Offering of the Day: A Lovely Floral Still Life with Grapes and Butterflies


 Jean-François van Dael (Antwerp 1764-1840 Paris)
Floral Still Life with grapes and butterflies
Watercolor on paper
13 x 16 inches
Framed: 23 1/4 x 27 inches
Signed lower right: Vandael 1807
$24,000

Along with Redouté and the Spaendonck brothers, Jan Frans van Dael is regarded as one of the most significant flower painters of the late 18th and early 19th century. He, like his predecessors, spent his youth in the Low Countries, but eventually made a name for himself in Paris. Studying architectural draughtsmanship in Antwerp, van Dael preferred to paint, teaching himself in private and making his way to Paris to work as a decorative painter the chateaux of St Cloud, Bellevue and Chantilly. His passion, however, soon turned to flower painting. He studied botany and painted specimens from life in a similar style to his mentor Gerard van Spaendonck and the Dutch master Van Huysum. Throughout the volatile era in which he lived, van Dael received commissions from significant patrons, most notably the Empress Josephine at Malmaison, the Empress Marie-Louise, Louis XVIII and Charles X. His works were widely exhibited at the Paris Salons, in his hometown of Antwerp, as well as in Ghent, Brussels and The Hague.
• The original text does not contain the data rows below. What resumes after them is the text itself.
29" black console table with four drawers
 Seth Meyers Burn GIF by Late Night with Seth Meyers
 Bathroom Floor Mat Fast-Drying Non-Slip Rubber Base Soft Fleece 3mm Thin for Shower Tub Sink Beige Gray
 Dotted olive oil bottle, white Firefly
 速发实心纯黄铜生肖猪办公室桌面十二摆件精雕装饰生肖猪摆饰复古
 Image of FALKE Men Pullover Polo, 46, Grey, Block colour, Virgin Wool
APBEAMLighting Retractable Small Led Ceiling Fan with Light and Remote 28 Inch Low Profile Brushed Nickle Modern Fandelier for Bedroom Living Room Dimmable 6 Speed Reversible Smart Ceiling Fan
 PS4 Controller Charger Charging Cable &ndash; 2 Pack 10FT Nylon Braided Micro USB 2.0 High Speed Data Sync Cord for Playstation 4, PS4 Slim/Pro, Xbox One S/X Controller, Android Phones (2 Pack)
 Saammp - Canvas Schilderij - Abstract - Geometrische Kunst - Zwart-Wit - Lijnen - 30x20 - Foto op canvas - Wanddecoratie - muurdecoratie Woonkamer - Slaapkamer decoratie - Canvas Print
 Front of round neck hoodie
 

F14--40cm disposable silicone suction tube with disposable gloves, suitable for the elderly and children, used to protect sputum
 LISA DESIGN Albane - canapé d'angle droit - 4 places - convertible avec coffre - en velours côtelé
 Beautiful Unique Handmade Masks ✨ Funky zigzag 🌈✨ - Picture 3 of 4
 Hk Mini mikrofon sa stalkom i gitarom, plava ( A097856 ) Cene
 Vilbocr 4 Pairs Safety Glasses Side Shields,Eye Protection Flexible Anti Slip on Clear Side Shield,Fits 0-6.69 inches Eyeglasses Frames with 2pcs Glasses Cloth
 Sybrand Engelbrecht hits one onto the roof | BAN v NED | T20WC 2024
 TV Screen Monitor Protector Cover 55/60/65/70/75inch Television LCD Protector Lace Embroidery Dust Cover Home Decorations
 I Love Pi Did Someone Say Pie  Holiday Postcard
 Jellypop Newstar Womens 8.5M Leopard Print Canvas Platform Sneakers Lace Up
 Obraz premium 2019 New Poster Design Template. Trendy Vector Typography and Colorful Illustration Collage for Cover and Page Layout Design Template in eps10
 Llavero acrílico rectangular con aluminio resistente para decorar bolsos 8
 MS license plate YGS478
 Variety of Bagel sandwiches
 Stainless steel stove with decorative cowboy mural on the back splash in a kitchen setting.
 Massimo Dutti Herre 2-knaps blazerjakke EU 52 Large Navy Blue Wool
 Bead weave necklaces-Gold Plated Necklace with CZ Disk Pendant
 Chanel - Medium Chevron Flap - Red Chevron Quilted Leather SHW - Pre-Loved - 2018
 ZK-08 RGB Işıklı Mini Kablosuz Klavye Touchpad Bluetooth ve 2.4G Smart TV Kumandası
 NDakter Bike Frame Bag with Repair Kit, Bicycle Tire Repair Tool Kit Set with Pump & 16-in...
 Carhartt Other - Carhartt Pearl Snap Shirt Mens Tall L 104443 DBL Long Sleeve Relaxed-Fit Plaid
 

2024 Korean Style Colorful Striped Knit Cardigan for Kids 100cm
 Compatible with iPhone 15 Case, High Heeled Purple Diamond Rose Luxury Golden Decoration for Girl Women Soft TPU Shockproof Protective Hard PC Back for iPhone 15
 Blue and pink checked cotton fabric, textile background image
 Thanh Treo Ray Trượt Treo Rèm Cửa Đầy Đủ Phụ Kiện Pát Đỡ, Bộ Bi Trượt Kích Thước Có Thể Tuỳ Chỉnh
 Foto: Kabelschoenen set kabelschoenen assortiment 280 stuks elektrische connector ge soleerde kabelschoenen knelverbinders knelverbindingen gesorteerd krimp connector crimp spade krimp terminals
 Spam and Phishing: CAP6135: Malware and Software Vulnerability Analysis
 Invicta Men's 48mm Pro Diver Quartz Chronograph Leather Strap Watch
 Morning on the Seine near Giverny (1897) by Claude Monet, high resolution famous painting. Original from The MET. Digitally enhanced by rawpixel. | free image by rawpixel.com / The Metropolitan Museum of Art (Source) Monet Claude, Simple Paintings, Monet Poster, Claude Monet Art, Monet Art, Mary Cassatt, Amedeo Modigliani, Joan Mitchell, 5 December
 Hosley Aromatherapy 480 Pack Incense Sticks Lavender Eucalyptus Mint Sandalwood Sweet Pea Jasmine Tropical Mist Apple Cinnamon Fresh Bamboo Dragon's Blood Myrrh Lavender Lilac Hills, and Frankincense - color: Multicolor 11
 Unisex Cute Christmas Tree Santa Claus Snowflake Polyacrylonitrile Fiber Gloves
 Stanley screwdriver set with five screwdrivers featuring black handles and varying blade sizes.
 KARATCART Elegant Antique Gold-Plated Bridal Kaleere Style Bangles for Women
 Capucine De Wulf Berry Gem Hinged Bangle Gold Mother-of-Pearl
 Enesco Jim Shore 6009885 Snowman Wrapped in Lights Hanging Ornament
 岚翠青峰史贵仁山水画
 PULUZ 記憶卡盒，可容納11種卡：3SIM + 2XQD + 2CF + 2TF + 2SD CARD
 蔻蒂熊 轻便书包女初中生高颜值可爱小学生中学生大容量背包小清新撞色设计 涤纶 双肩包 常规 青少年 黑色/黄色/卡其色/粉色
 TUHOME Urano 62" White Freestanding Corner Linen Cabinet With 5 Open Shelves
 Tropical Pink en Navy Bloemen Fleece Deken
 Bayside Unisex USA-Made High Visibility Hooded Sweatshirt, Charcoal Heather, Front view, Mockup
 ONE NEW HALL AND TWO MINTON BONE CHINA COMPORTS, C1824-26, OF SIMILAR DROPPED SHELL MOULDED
In addition to his floral and fruit still lives, van Dael tried his hand at landscape paintings as well as religious and allegorically based subjects. He was also known to have painted a
portrait or two.

The works of van Dael are found in the Louvre; Chateau de Malmaison; the Chateau de Fontainebleau; the Museum Boymans-van-Beuningen, Rotterdam; the Musée des Beaux-Arts, Lille and the Koninklijk Museum voor Schone Kunsten, Antwerp.